Se non avessimo trovato queste parole nel blog di Grillo, le avremmo potute tranquillamente attribuire all'archivio di Terzano Terzani, e non ad un leader che si pone o che predica da leader.
 
Tuttavia non capisco com'è che sotto al simbolo del Movimento Cinque Stelle ci sia scritto "beppegrillo.it", che non va inteso come "di Beppe Grillo" ma "di Beppe Grillo e la sua Rete": ad esempio vengono trascurati sia i nomi di Favia o di Bono, cioè due dei quattro consiglieri eletti, sia i nomi dei tanti giovani che non sono stati eletti, che potrebbero dare una svolta all'attuale gerontocrazia fallimentare italiana, e che prima o dopo le elezioni sono e resteranno dei perfetti sconosciuti alla maggior parte della gente.
 
Se si chiede conto a Beppe della sua persona o degli altri partiti politici, lui glissa parlando delle sue idee (che non sono ideologie) e del programma del M5S, forse l'unico partito (che non è un partito) ad avere un programma.
 
Il non anteporre la sua persona al movimento denota il suo disinteresse e la sua ferma volontà nel non candidarsi, e ciò gli fa onore; ma l'anteporre le idee ed il programma del M5S alle persone, sia alle persone del suo Movimento che a quelle degli altri partiti, rende i suoi discorsi più qualunquistici e meno concreti.
 
Da quell' 8 settembre del 2007, il giorno del primo V-Day, n'è passata di acqua sotto i ponti: Beppe da comico protestatore, si è trasformato in un comico leader.

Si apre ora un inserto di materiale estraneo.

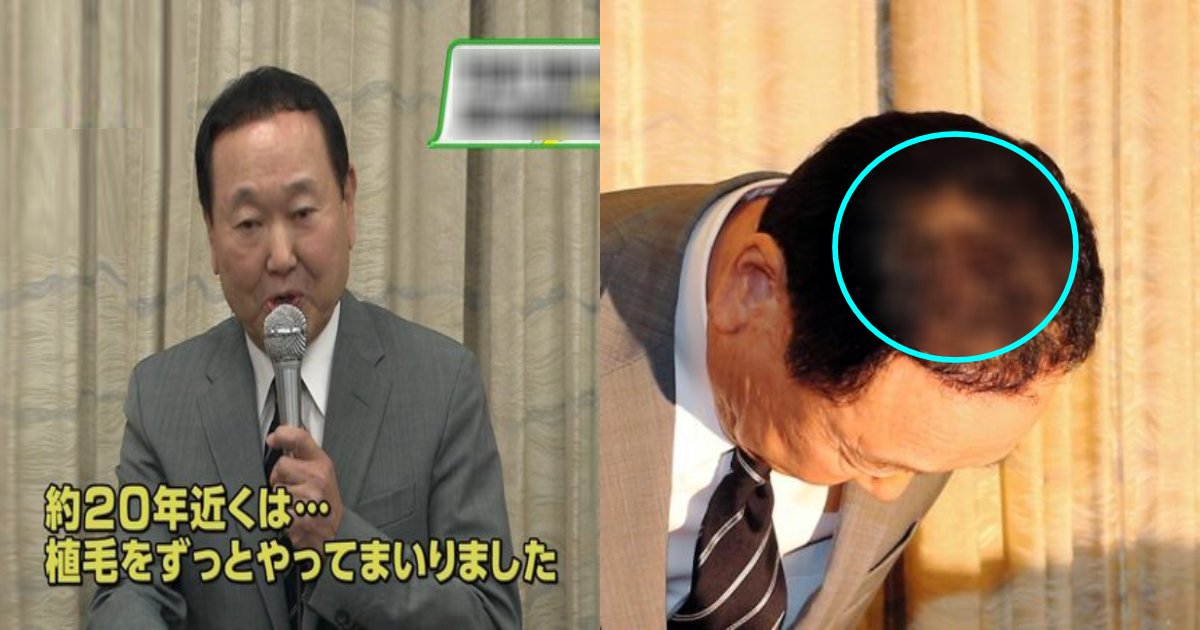 e696b0e8a68fe38397e383ade382b8e382a7e382afe3838895.png?resize=1200,630 - 板東英二、申告漏れ7500万円！「植毛は経費だと思った」聞き苦しい言い訳…「同情を誘う気か」「ハゲを利用するな」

Tre anni fa aveva solo una piazza ed un microfono, oggi ha una piazza, un partito ed una leadership.
 
Se da un lato abbia annullato la sua fama di demagogo e populista, fondando un partito autentico ed affidabile, dall'altro non candidandosi, e non pubblicizzando di più i suoi candidati più che le sue idee, è finito per diventare un leader che non è un leader, che fa politica che non è politica.
 
La morale della favola è che alla fine, le sue idee o il suo programma, per quanto possa essere obiettivamente giusto o innovativo, risulterà sempre relegato nelle ultime pagine dell'agenda della consistenza.